St. Patrick's Borstal Institution, Clonmel, was established in Ireland in 1906 as a place of detention for young male offenders aged between 16 and 21, and located in Clonmel, County Tipperary.

History of the site

The Clonmel Institution is significant as it was the only Borstal (youth detention centre) instituted in Ireland and was established on the site of the historic town gaol. Accordingly, there is much local history connected to the site, going back to the aftermath of the Cromwellian Conquest of Ireland.

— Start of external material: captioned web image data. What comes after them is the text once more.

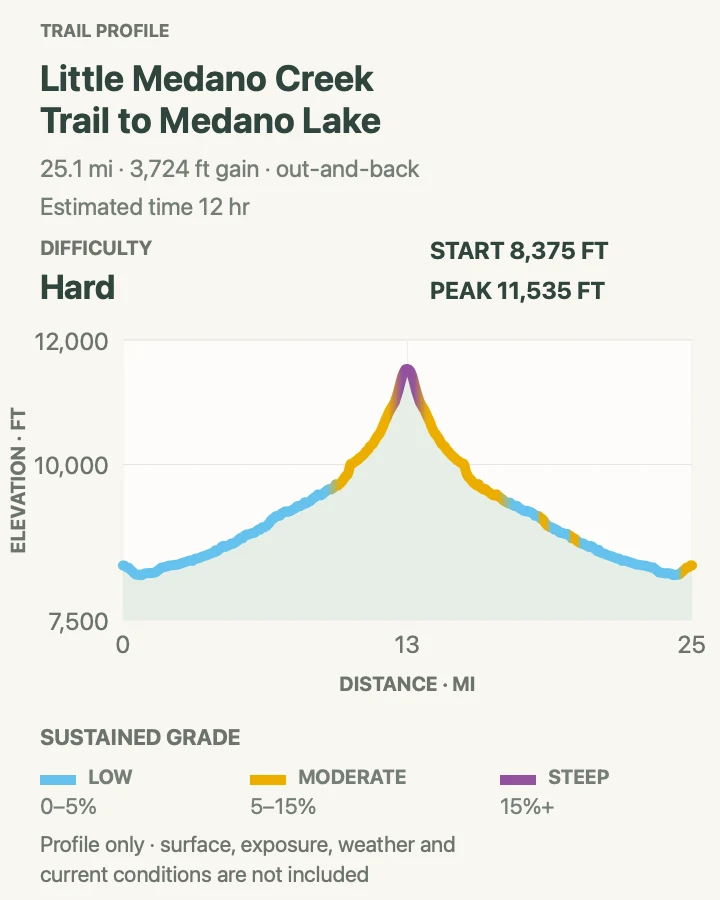 Elevation profile for Little Medano Creek Trail to Medano Lake in Great Sand Dunes National Park and Preserve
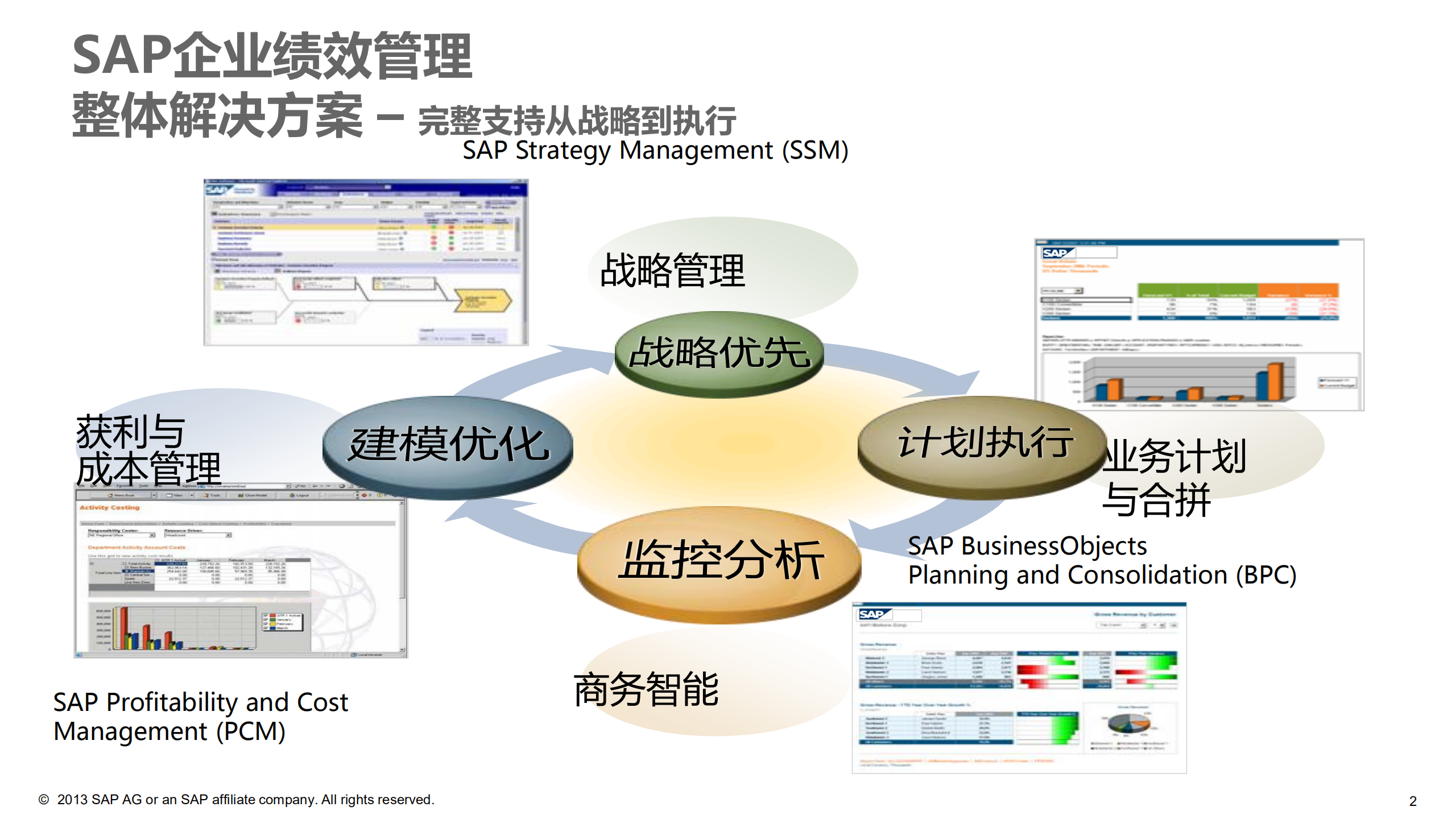 BPC通过全面预算管理驱动企业绩效提升_ITIL之家(www.itilzj.com)_.PDF 第2页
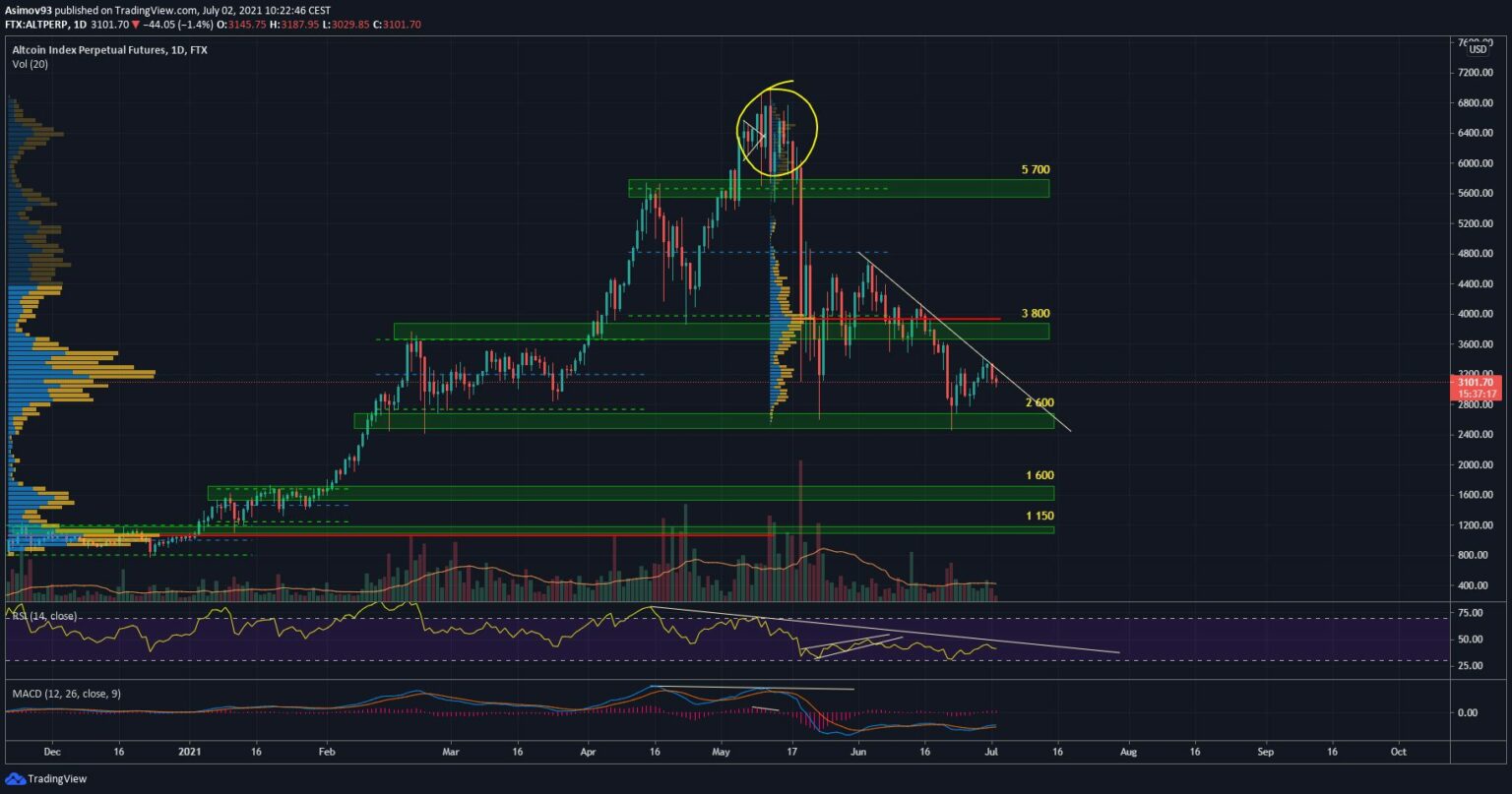 02.07.21 Technical Analysis Altcoin Index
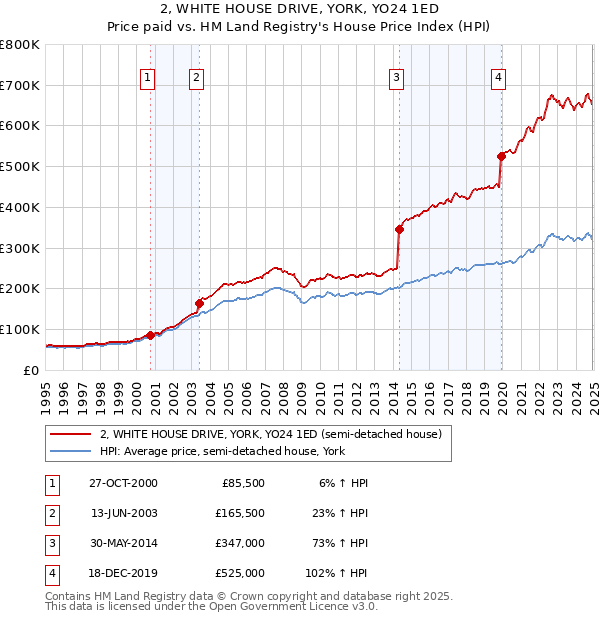 2, WHITE HOUSE DRIVE, YORK, YO24 1ED: Price paid vs HM Land Registry's House Price Index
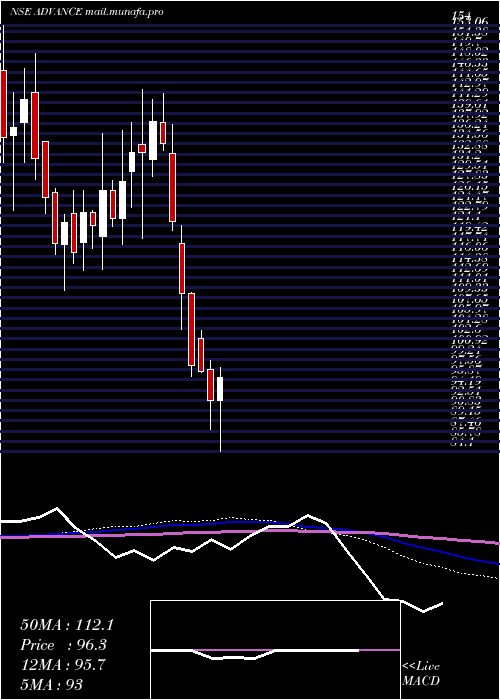  weekly chart AdvanceAgrolife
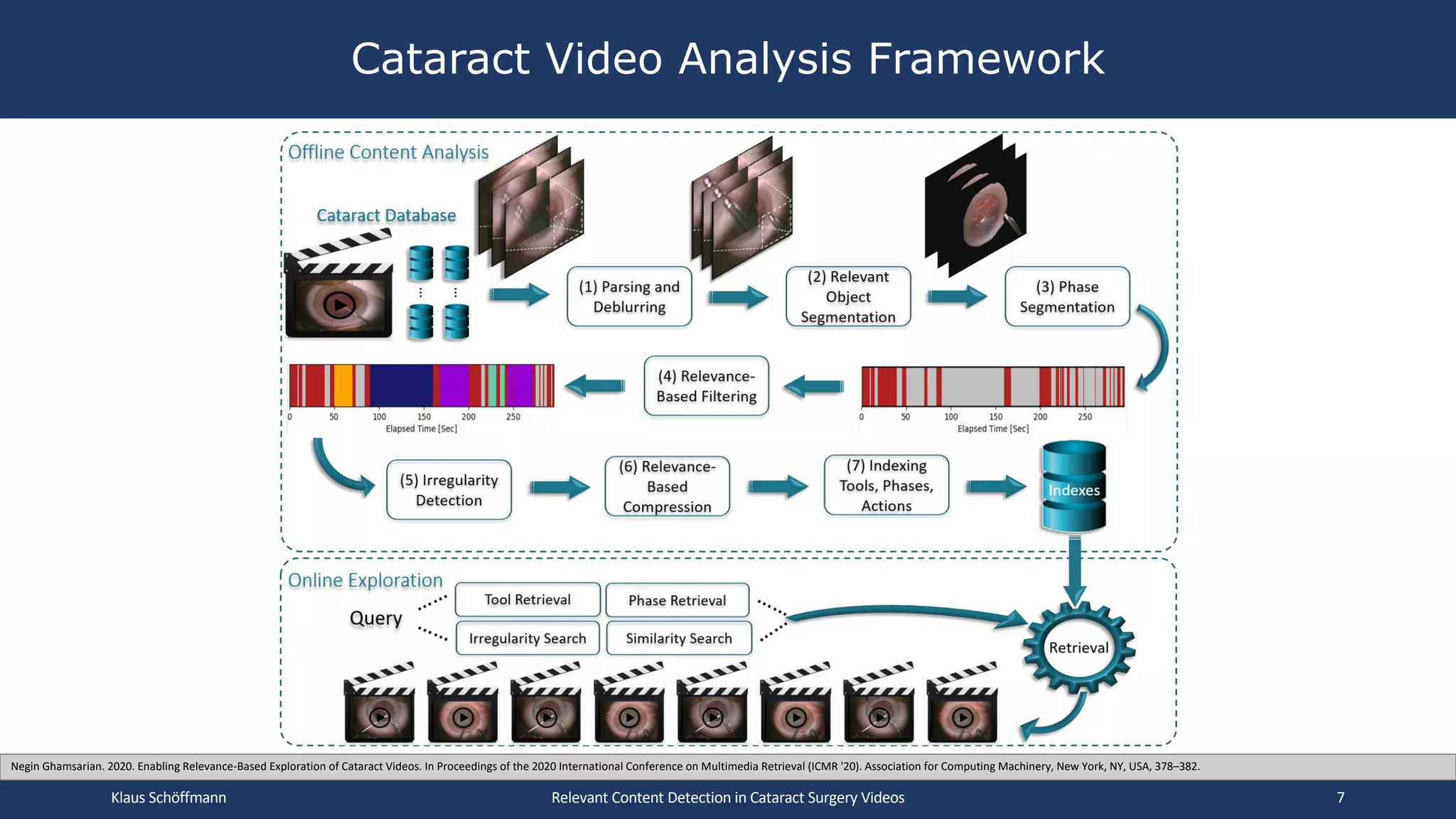 Cataract Video Analysis Framework
Relevant Content Detection in Cataract Surgery Videos
Negin Ghamsarian. 2020. Enabling Relevance-Based Exploration of Cataract Videos. In Proceedings of the 2020 International Conference on Multimedia Retrieval (ICMR '20). Association for Computing Machinery, New York, NY, USA, 378–382.
Klaus Schöffmann 7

For example, after being denounced by three men who desired a share of the £5 bounty upon the heads of priests, Augustinian Friar William Tirry was arrested at Fethard while vested for Mass on Holy Saturday, 25 March, 1654. He was immediately taken to Clonmel Gaol and held there pending trial. On 26 April, he was tried by a jury and a panel of Commonwealth judges, including Colonel Solomon Richards, for violating the Proclamation of 6 January 1653, which defined it as high treason for priests to remain in Ireland. In his own defense, Fr. Tirry replied that while he viewed the Commonwealth as the lawful government, he had no choice but to disobey its laws, as the Pope had ordered him to remain in Ireland. Fr. Tirry was according found guilty and sentenced to death by hanging, which was carried out in Clonmel on 2 May 1654.[1]

Friar William Tirry was beatified by Pope John Paul II along with 16 other Irish Catholic Martyrs on 27 September 1993.[2] The Augustinian order celebrates his feast day on 12 May.[3]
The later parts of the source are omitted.